Analisando os fatores que impactam esse mercado, 2025 promete ser um ano dinâmico, repleto de avanços tecnológicos e alinhado às novas demandas do consumidor. Conforme nos preparamos para esse futuro promissor, algumas tendências-chave já estão moldando o setor, e, como um player estratégico, precisamos estar atentos para liderar e inovar.

E uma dessas principais tendências que seguirá em alta é a busca por veículos sustentáveis. A eletrificação continuará sendo o principal motor de mudança, com uma previsão de aumento significativo na participação dos veículos elétricos, não apenas no Brasil, mas em mercados globais.

Isso ocorre devido à redução nos custos de produção de baterias e ao avanço da infraestrutura de carregamento. No Brasil, o crescimento do segmento tem sido impulsionado por incentivos fiscais e subsídios que tornam as soluções híbridas e elétricas mais acessíveis ao consumidor.

Além disso, a busca por sustentabilidade permeia todos os aspectos da vida moderna, inclusive a mobilidade urbana. A produção de veículos elétricos tornou-se mais limpa, com o uso de materiais recicláveis, consolidando a responsabilidade ambiental como um diferencial competitivo.

Apesar das transformações tecnológicas, uma coisa não mudará em 2025: o foco na experiência do cliente. As empresas que conseguem oferecer atendimento excepcional, simplificar processos e garantir um suporte eficiente sairão na frente, conquistando a fidelidade de seus consumidores.

No Grupo Mônaco, valorizamos essa conexão desde a nossa fundação, na década de 1970. Meu pai, Armindo Denardin, ao inaugurar nossa primeira concessionária em Altamira, no Pará, chamava seu empreendimento de “Casa de Amigos”. Esse espírito de proximidade e atenção personalizada, seja para fechar um negócio ou apenas para receber bem quem nos procura, é um legado que mantemos até hoje.

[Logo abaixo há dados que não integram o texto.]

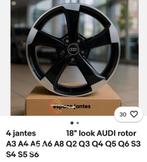 A vendre 4 jantes Rotor Audi 18” + pneus Michelin, Autos : Pièces & Accessoires, Pneus été, Enlèvement, Utilisé, Autre
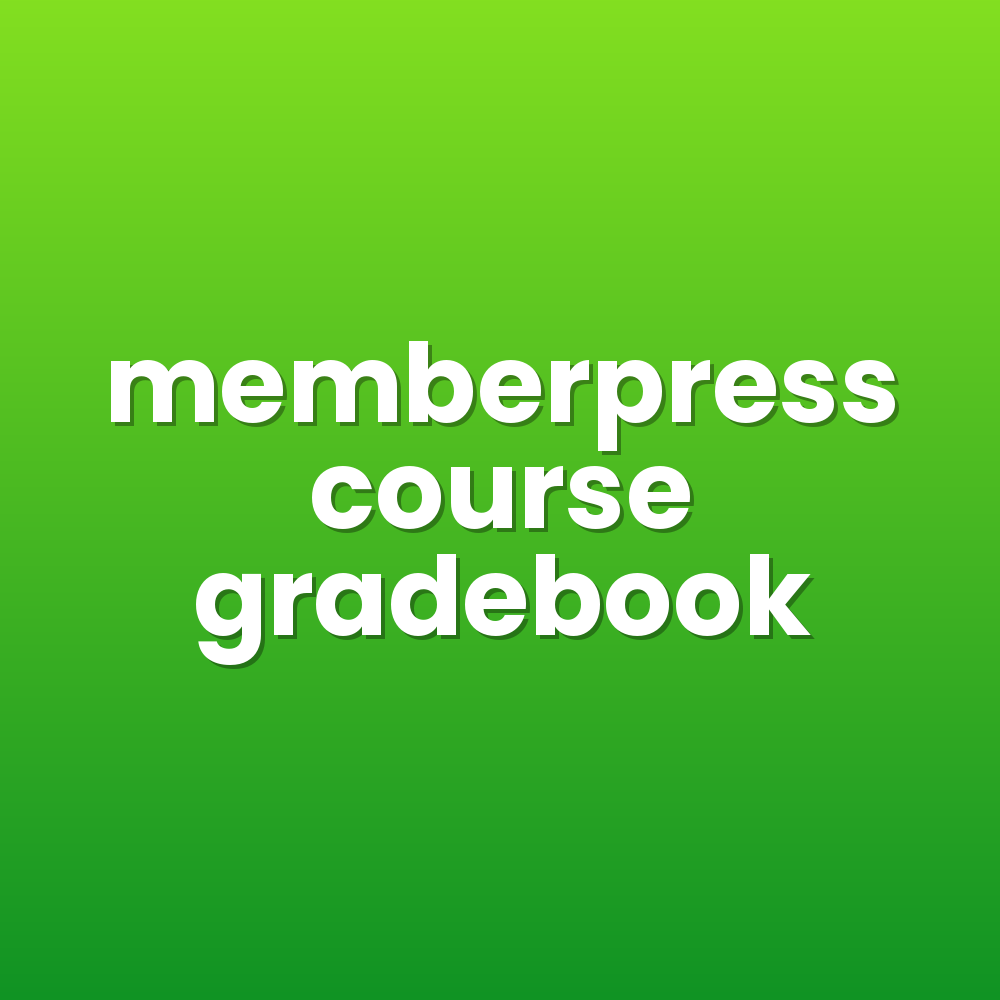 memberpress course gradebook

O futuro do mercado automotivo não é apenas sobre tecnologia; é sobre como utilizamos essa tecnologia para melhorar vidas e gerar um impacto positivo no planeta. No Grupo Mônaco, estamos comprometidos em liderar essa transformação, com inovação, excelência e uma visão estratégica que priorize nossos clientes, colaboradores e parceiros.

2025 será um ano para acelerar. Estou confiante de que estamos prontos para essa jornada, que promete grandes conquistas e novas possibilidades para montadoras, concessionárias e, principalmente, para nossos clientes. Que venha o novo!